A charge ball lies within a hollow metallic sphere of radius R.

The net charges of the ball and the shell for three situations are$+4q,0$,$-6q,+10q$ , and $+16q,-12q$.

Being a conductor, the charge at the surface of the shell is zero. Thus, using this concept, to can get the net charge of the inner and outer surfaces of the shell, and equating it to the charge on the ball; you calculate all the negative and positive charges.

Hence, the rank of the situations according to inner charges of the shell is $2>1>3$.

For, situation 1, induced charge on the inner surface of shell is$-4q$ due to$+4q$at the center.

Net charge on the ball can be given as:

$\begin{array}{l}{Q}_{Net}=0\\ Q_{inner}+Q_{outer}=0\\ -4q+Q_{outer}=0\\ Q_{outer}=+4q\end{array}$

For situation 2, induced charge on the inner surface of shell is $+6q$due to $-6q$at the center.

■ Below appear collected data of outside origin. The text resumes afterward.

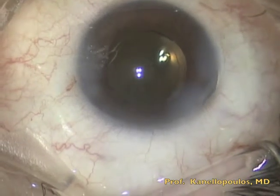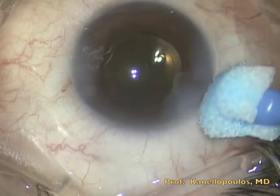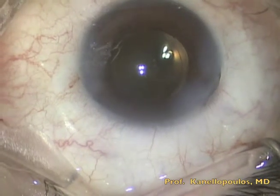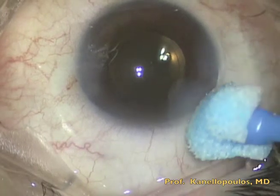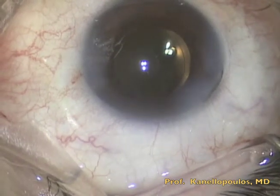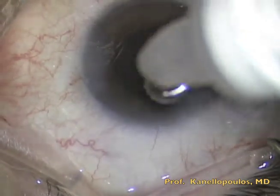The ocular bandage is placed right on the incision site to assure secure closure and avoid the placement of a suture. In routine cataract surgery, we did not use a suture, but this does not assure that the incision is watertight. It is possible for fluid to ingress, causing loss of the chamber and endophthalmitis.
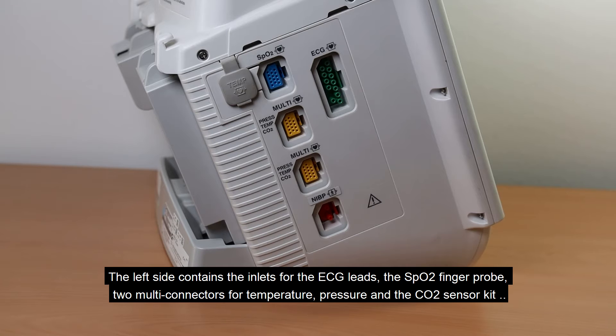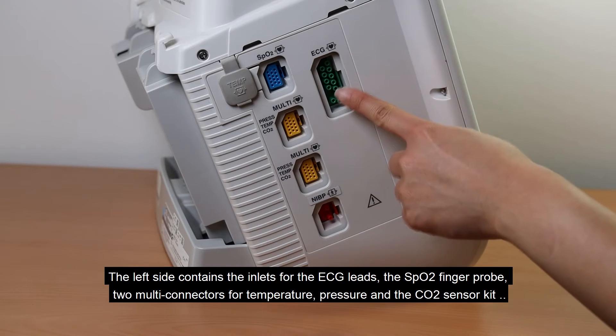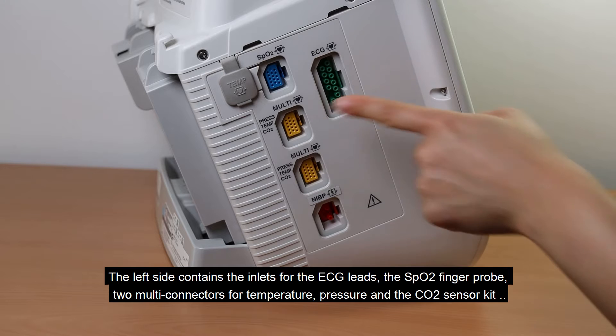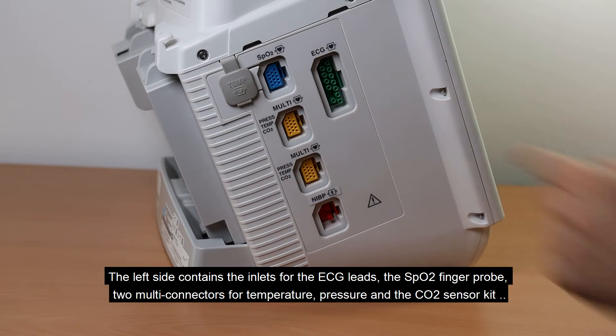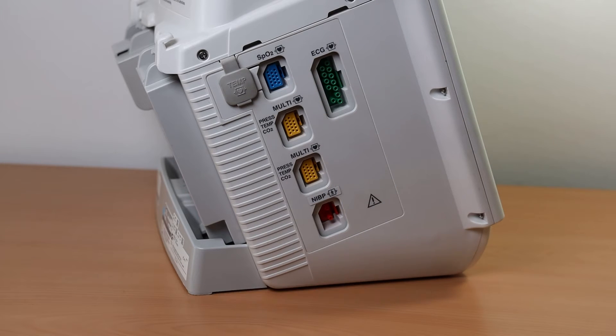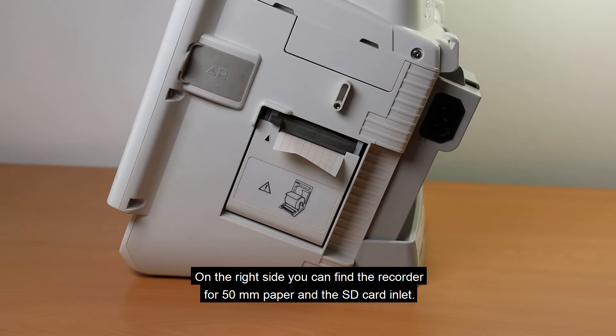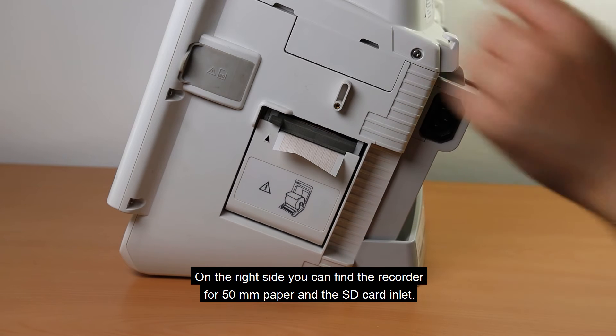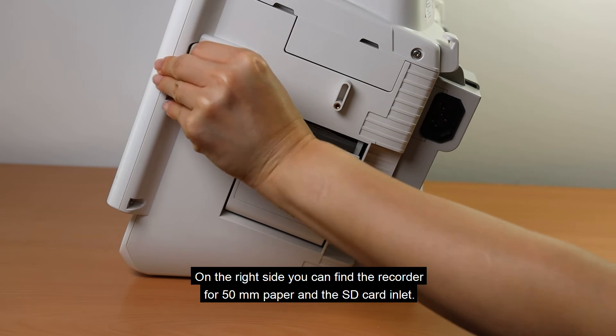The left side contains the inlets for the ECG leads, the SpO2 finger probe, two multi-connectors for temperature, pressure, and the CO2 sensor kit, the NIBP socket, and the temperature probe. On the right side, you can find the recorder for 50 mm paper and the SD card inlet.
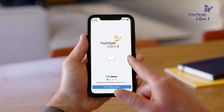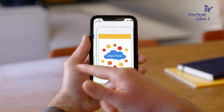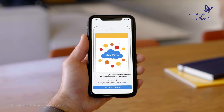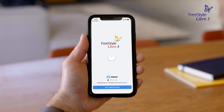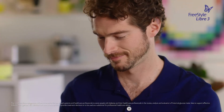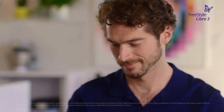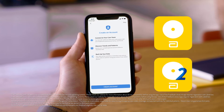Swipe left to see some helpful tips, or tap Get Started Now at any point. If you already have a LibreView account, tap Sign In, or you can create one right in the app. You may have a LibreView account if you have used the Freestyle Libre Link app or Freestyle Libre 2 app in the past.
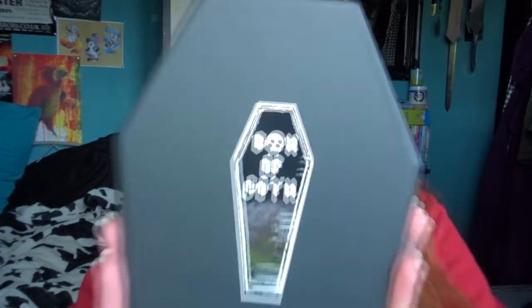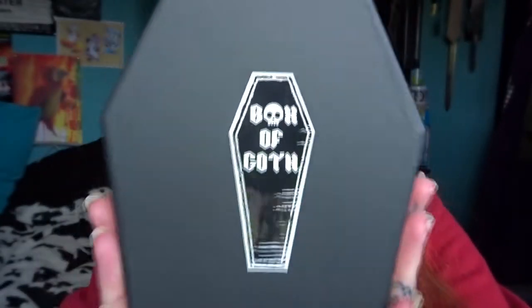Hi! I'm hoping you can see me — I'm on my vlog camera today. I wasn't really supposed to be doing this video right now, but it's the second of March and I've just got a package. It's a box of goth, and it's a coffin!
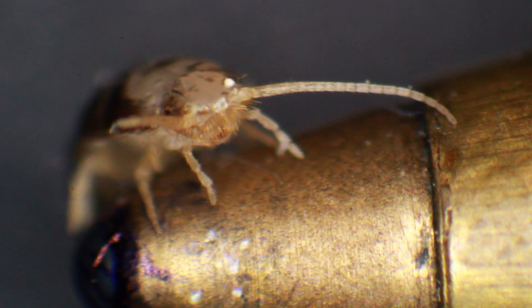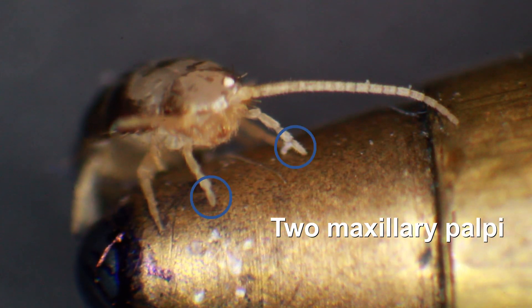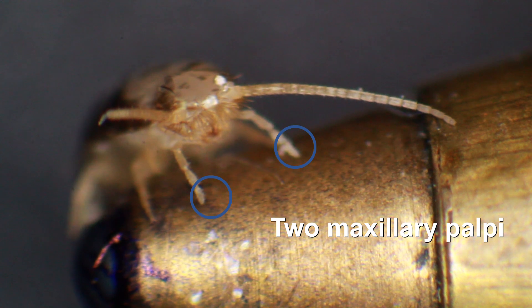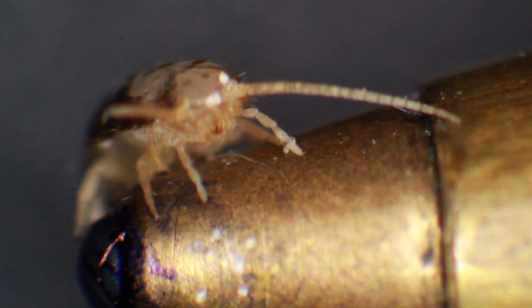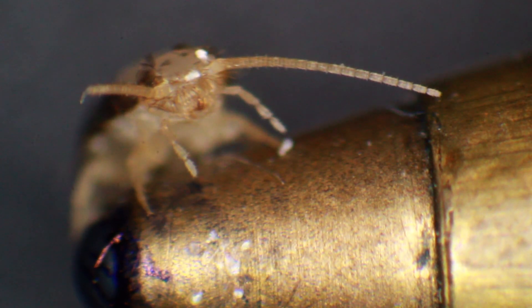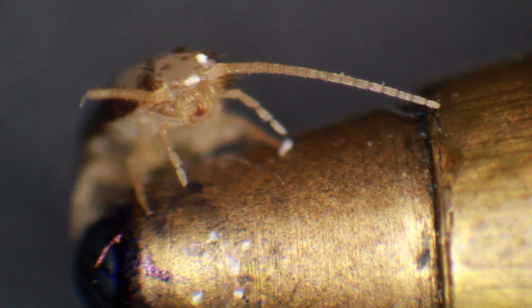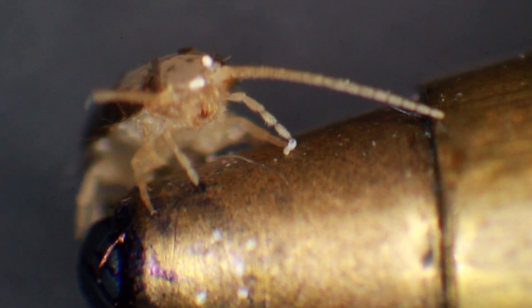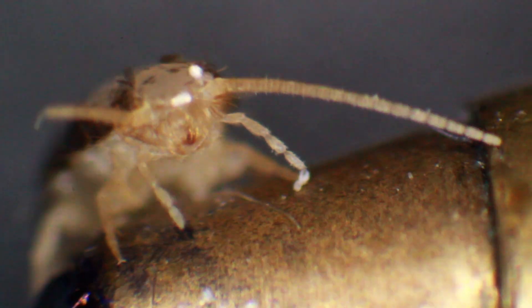Now you can see much better the two maxillary palpi. You can also see that one of the antennae is a little bit shorter - it's probably broken off. The maxillary palpi don't have any claws, and they are so long in a silverfish that I confused them with legs. I was actually hoping I had made a big important discovery - the first insect with eight legs! Of course, that's highly unlikely.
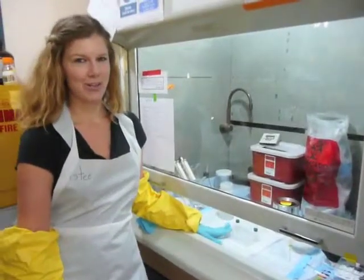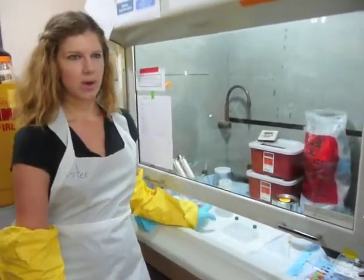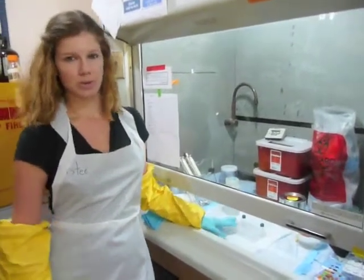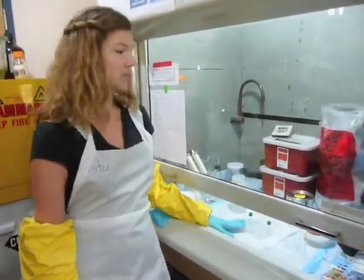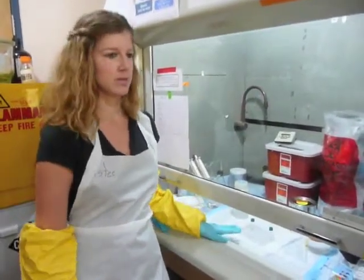The larvae are fixed in glutaraldehyde. We do four to five rinses with filtered seawater, and this is to remove the glutaraldehyde and also to remove any debris from the larvae, specifically any debris on the cilia.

Net charge on the ball can be given as:

$\begin{array}{l}{Q}_{Net}=+10q\\ Q_{inner}+Q_{outer}=+10q\\ +6q+Q_{outer}=+10q\\ Q_{outer}=+4q\end{array}$

For situation 3, induced charge on the inner surface of shell is $-16q$due to$+16q$ at the center.

Net charge on the ball can be given as:

$\begin{array}{l}{Q}_{Net}=-12q\\ Q_{inner}+Q_{outer}=-12q\\ -16q+Q_{outer}=-12q\\ Q_{outer}=+4q\end{array}$

Hence, the rank of the situations according to the outer charge surface is $1=2=3$.